Pendant qu’il s’occupait de cet acte d’humanité, des clameurs sauvages, proférées dans une langue qu’il ne connaissait point, s’élevèrent autour de lui, et à peine avait-il eu le temps de voir qu’il était environné d’hommes et de femmes d’une apparence singulière et étrangère, qu’il se sentit saisir rudement par les deux bras, et qu’on lui mit un couteau sur la gorge.

« Pâle esclave d’Eblis ! » s’écria un des hommes en mauvais français, « êtes-vous occupé à voler celui que vous avez assassiné ? Mais nous vous tenons, et vous ne l’échapperez pas. »

Dès que ces paroles furent prononcées, les couteaux brillèrent dans toutes les mains, et les figures horribles et décomposées des hommes qui l’entouraient les faisaient ressembler à des loups qui se précipitent sur leur proie.
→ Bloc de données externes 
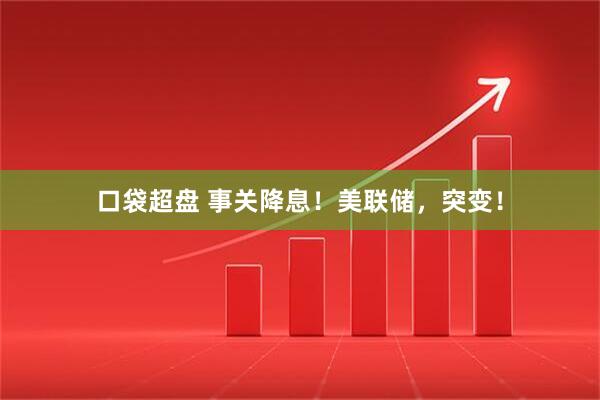口袋超盘 事关降息！美联储，突变！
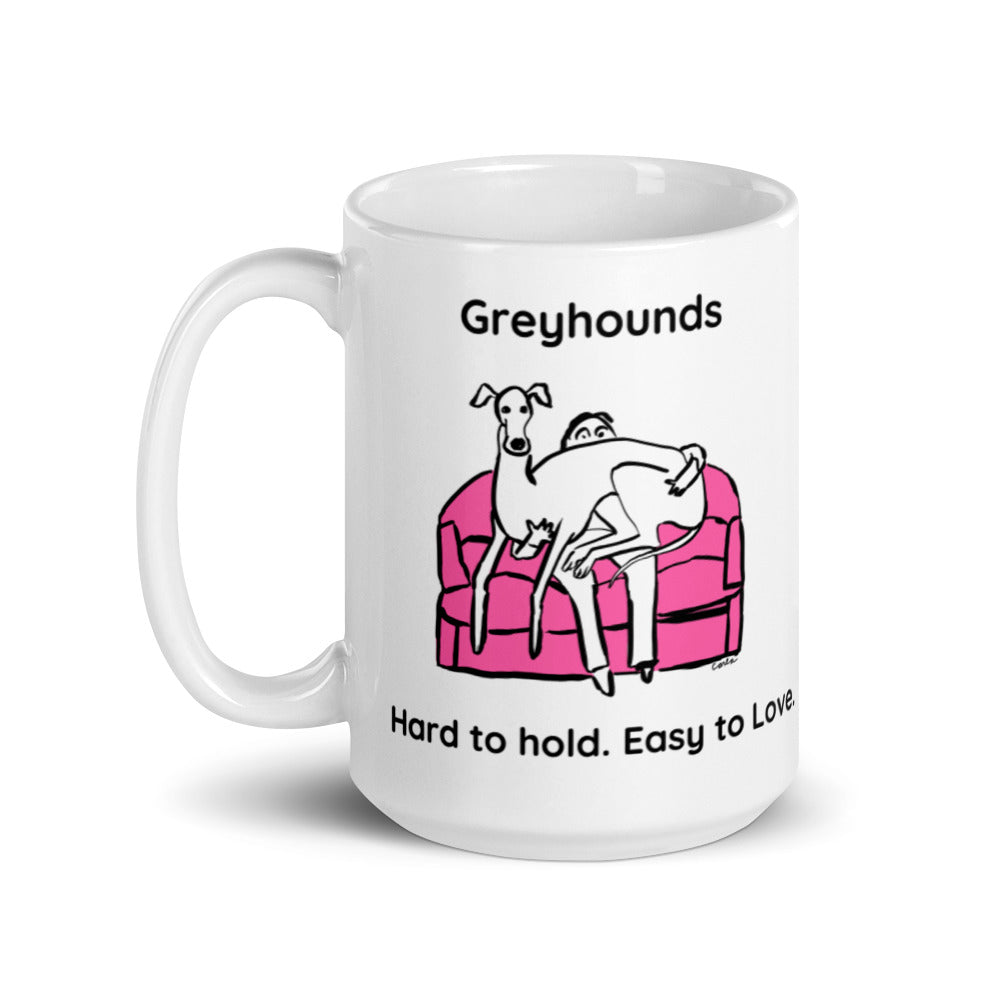 Greyhounds Easy to Love coffee mug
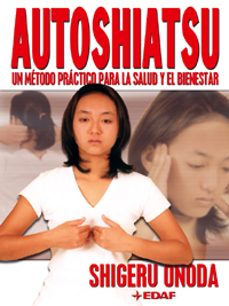 autoshiatsu: un metodo practico para la salud y el bienestar-9788441412057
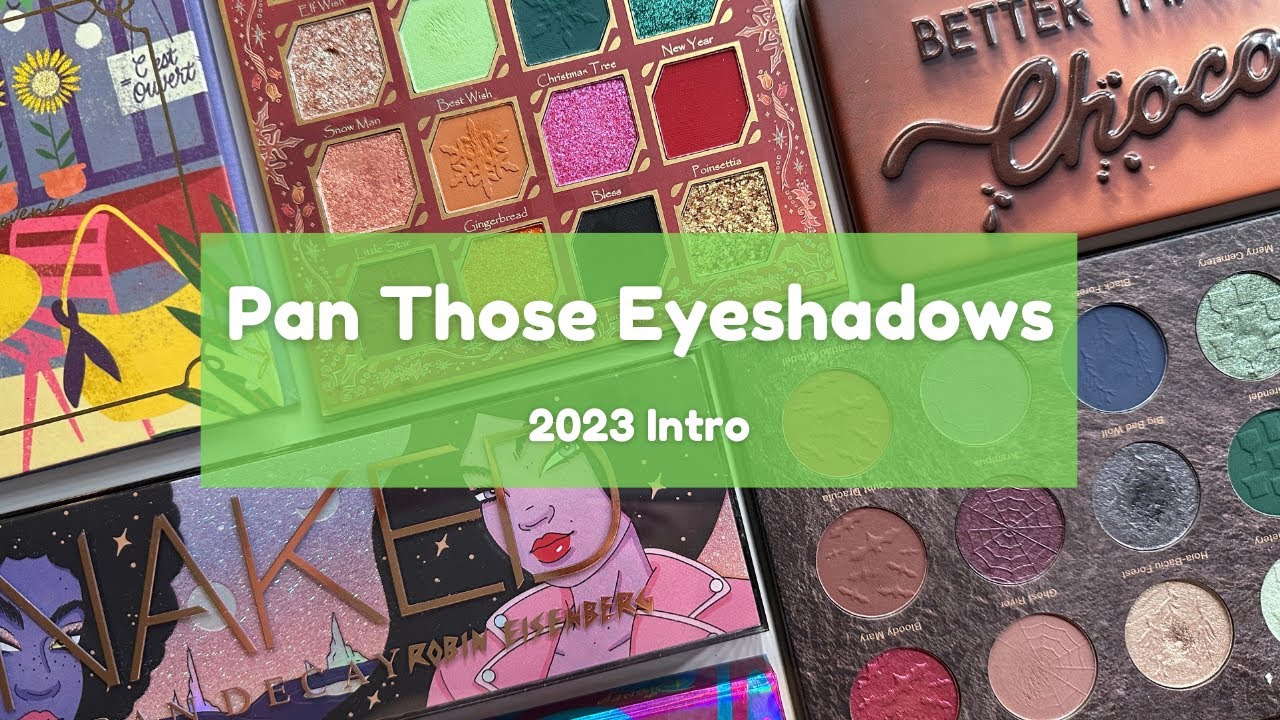 Pan Those Eyeshadows 2023 | Intro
Le courage et la présence d’esprit du jeune Écossais ne l’abandonnèrent cependant pas. « Que voulez-vous dire, mes maîtres ? s’écria-t-il. Si ce corps est celui d’un de vos amis, je viens de couper, par pure charité, la corde qui le suspendait, et vous feriez beaucoup mieux de tâcher de le rappeler à la vie que de maltraiter un innocent étranger qui n’avait d’autre but que de le soustraire à la mort. »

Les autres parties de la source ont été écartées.